▸ **DIRECTIONS FOR THIS TASK**: Copy out the data exactly as it appears, without a single image.

▸ **SUPPLIED INFORMATION**:
=== Section Start ===

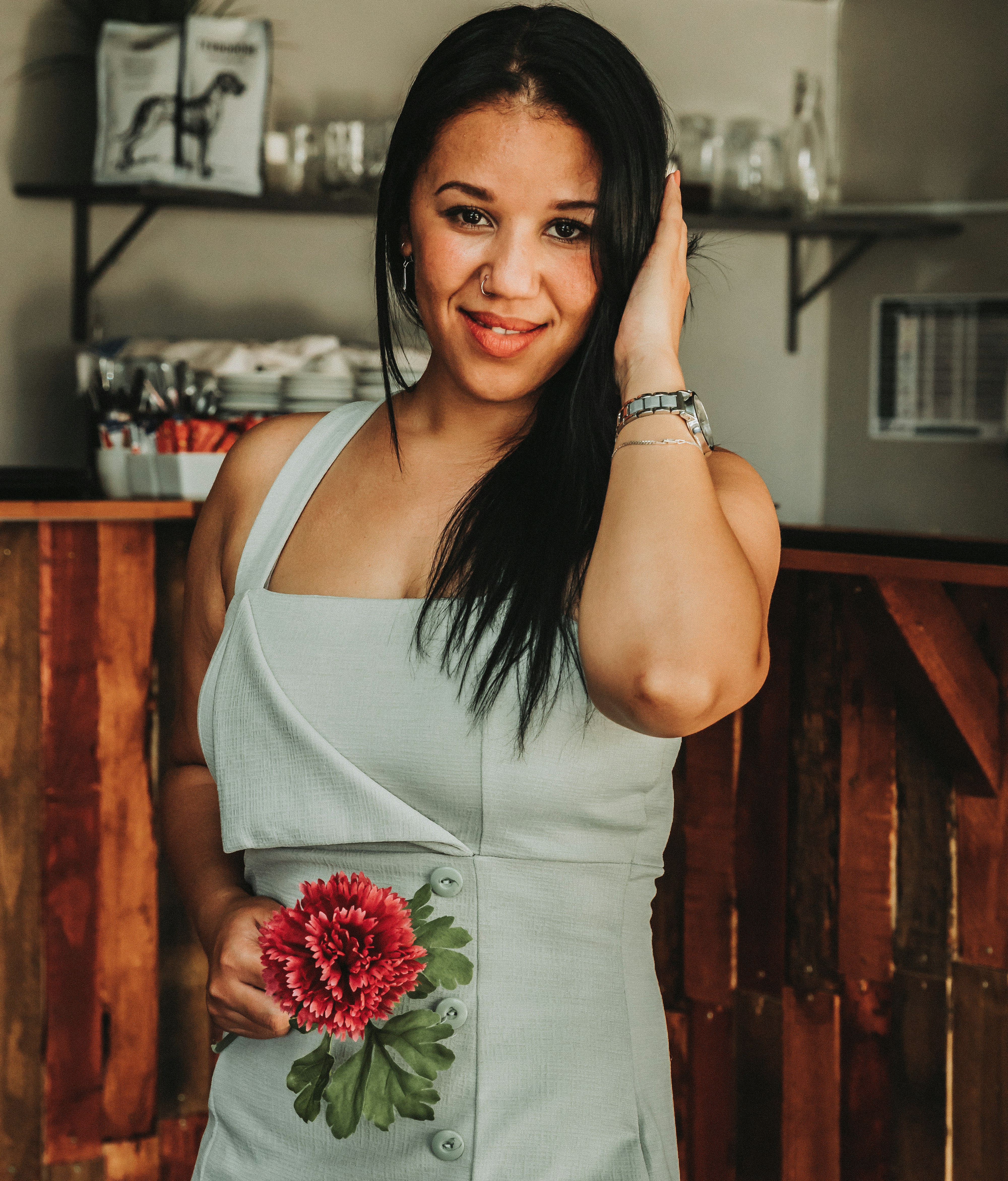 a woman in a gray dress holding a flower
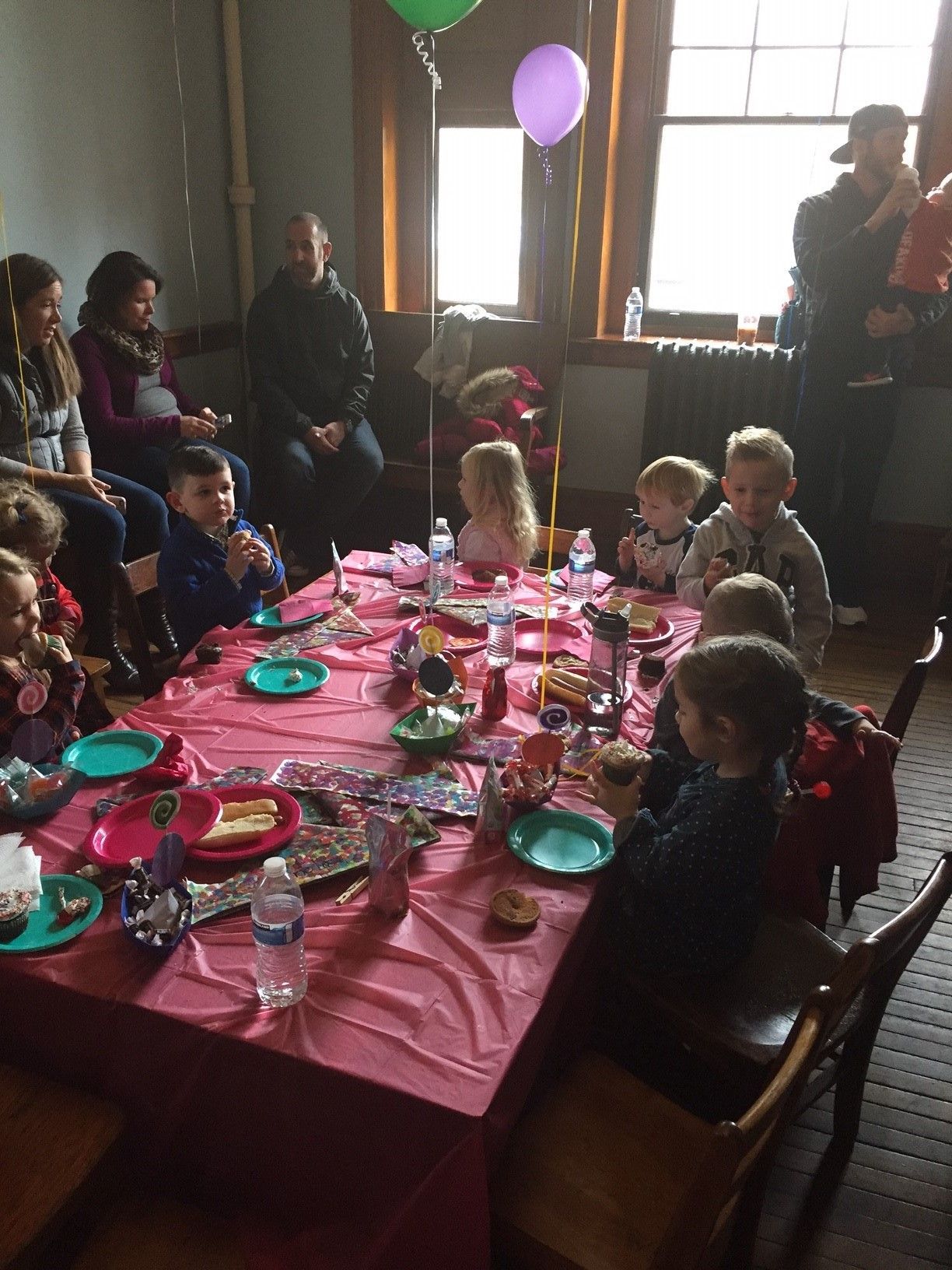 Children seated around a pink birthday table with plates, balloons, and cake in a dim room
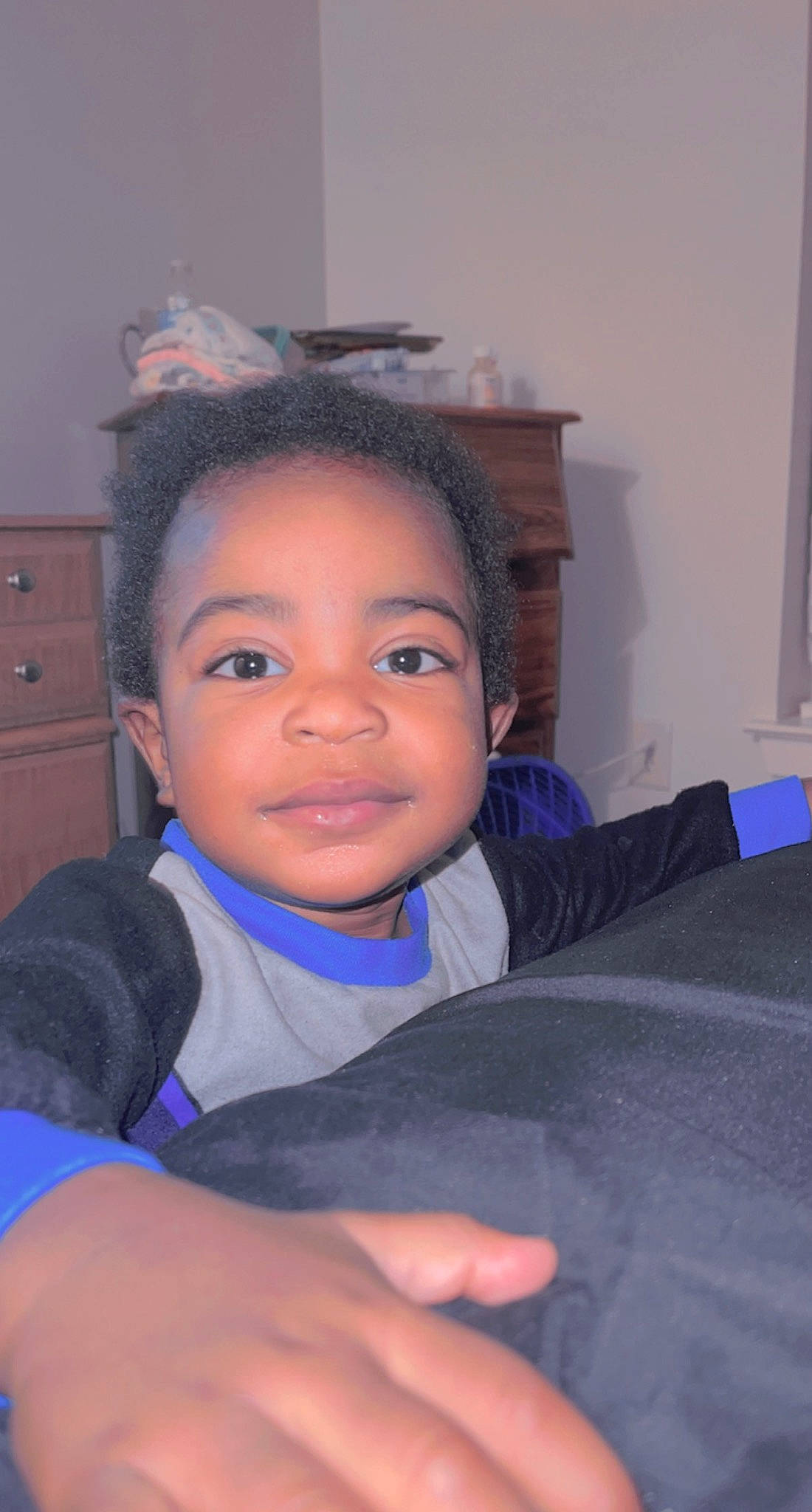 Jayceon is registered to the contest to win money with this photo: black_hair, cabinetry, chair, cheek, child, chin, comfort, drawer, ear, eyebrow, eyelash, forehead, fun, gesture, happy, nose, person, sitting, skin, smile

=== Section End ===

▸ **RESPONSE**:
 a woman in a gray dress holding a flower
 Children seated around a pink birthday table with plates, balloons, and cake in a dim room
 Jayceon is registered to the contest to win money with this photo: black_hair, cabinetry, chair, cheek, child, chin, comfort, drawer, ear, eyebrow, eyelash, forehead, fun, gesture, happy, nose, person, sitting, skin, smile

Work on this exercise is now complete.